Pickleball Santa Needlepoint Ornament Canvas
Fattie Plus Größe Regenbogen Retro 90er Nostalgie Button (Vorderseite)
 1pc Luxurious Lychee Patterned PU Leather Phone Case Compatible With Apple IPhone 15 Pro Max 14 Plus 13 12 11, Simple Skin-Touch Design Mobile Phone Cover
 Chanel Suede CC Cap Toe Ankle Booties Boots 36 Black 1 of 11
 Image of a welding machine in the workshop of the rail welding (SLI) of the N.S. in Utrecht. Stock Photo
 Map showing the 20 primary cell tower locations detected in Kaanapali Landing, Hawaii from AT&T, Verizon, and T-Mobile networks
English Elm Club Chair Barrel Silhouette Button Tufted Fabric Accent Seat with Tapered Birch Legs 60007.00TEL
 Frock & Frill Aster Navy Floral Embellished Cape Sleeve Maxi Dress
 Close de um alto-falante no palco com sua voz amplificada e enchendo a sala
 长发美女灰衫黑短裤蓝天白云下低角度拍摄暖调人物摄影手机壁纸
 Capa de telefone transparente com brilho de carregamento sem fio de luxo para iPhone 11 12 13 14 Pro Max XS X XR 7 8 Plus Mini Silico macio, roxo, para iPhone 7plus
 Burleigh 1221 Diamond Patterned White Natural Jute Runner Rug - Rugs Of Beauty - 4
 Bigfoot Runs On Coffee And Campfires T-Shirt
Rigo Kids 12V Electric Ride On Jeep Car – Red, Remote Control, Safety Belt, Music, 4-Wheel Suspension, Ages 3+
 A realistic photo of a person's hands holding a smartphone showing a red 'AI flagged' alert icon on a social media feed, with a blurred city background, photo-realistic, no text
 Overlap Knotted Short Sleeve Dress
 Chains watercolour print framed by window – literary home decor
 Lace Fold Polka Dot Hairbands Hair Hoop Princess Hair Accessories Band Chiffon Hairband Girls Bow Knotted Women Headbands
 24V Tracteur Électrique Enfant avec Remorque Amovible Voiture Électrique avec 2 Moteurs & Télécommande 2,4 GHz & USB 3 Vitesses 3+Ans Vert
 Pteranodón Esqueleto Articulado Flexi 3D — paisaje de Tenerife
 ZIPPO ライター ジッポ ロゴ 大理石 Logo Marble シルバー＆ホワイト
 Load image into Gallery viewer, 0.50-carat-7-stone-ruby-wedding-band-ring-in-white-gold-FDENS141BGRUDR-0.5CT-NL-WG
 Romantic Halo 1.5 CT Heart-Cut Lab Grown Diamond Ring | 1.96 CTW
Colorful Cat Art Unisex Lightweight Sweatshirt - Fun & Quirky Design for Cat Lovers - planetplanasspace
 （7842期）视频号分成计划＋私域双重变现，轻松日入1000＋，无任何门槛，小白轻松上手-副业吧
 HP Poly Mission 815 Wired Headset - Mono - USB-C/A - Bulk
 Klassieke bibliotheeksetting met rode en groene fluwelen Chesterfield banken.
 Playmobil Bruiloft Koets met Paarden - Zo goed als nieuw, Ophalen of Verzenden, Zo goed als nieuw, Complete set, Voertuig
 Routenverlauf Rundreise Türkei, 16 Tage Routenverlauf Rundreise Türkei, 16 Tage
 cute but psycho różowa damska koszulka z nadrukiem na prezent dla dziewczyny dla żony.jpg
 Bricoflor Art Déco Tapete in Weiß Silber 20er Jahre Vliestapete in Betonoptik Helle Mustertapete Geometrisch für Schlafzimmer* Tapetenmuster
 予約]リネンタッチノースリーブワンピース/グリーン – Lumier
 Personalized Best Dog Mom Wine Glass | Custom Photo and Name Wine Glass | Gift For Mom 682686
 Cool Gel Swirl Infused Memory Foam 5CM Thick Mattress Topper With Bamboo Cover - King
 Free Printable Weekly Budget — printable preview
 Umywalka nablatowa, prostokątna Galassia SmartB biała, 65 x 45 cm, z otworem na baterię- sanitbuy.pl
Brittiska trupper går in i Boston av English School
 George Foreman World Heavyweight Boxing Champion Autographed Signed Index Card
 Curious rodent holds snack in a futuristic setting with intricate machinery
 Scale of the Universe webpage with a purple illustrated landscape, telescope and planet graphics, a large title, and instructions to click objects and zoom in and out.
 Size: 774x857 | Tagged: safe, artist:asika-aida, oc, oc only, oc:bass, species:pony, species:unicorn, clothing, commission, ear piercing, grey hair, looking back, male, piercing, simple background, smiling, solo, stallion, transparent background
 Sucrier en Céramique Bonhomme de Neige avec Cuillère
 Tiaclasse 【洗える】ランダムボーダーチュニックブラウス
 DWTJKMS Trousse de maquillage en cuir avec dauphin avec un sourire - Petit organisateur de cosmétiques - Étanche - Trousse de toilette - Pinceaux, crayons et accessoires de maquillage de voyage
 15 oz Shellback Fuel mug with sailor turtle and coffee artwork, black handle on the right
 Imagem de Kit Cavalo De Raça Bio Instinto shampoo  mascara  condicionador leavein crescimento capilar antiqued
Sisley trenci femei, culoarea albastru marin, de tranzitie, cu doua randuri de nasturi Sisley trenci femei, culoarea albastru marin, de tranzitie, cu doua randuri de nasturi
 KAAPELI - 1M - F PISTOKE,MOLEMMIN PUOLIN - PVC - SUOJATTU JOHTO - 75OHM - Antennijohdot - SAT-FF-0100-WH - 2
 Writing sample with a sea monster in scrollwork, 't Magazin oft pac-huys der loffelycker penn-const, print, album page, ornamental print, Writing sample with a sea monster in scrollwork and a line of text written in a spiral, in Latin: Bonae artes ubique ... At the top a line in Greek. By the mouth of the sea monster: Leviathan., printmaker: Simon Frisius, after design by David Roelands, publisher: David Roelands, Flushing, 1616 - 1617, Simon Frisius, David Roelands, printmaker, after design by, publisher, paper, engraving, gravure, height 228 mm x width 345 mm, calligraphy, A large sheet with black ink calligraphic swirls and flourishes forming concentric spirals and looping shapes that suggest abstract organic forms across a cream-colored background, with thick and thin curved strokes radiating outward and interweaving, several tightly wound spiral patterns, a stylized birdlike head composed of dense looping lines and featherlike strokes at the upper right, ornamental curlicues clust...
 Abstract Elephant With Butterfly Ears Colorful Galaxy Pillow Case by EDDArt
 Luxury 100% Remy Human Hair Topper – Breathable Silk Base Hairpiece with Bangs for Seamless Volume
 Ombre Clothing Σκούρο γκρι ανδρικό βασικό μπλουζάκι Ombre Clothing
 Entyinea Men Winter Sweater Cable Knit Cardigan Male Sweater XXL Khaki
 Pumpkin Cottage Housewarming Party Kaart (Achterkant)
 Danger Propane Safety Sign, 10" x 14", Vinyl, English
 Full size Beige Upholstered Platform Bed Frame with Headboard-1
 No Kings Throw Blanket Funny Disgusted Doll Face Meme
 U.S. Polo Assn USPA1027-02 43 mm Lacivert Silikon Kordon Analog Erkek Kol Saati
======
### Problem to solve
From the first line of the records to the line containing "Frock & Frill", inclusive, transcribe everything exactly and leave out the rest.

### Exercise solution
Pickleball Santa Needlepoint Ornament Canvas
Fattie Plus Größe Regenbogen Retro 90er Nostalgie Button (Vorderseite)
 1pc Luxurious Lychee Patterned PU Leather Phone Case Compatible With Apple IPhone 15 Pro Max 14 Plus 13 12 11, Simple Skin-Touch Design Mobile Phone Cover
 Chanel Suede CC Cap Toe Ankle Booties Boots 36 Black 1 of 11
 Image of a welding machine in the workshop of the rail welding (SLI) of the N.S. in Utrecht. Stock Photo
 Map showing the 20 primary cell tower locations detected in Kaanapali Landing, Hawaii from AT&T, Verizon, and T-Mobile networks
English Elm Club Chair Barrel Silhouette Button Tufted Fabric Accent Seat with Tapered Birch Legs 60007.00TEL
 Frock & Frill Aster Navy Floral Embellished Cape Sleeve Maxi Dress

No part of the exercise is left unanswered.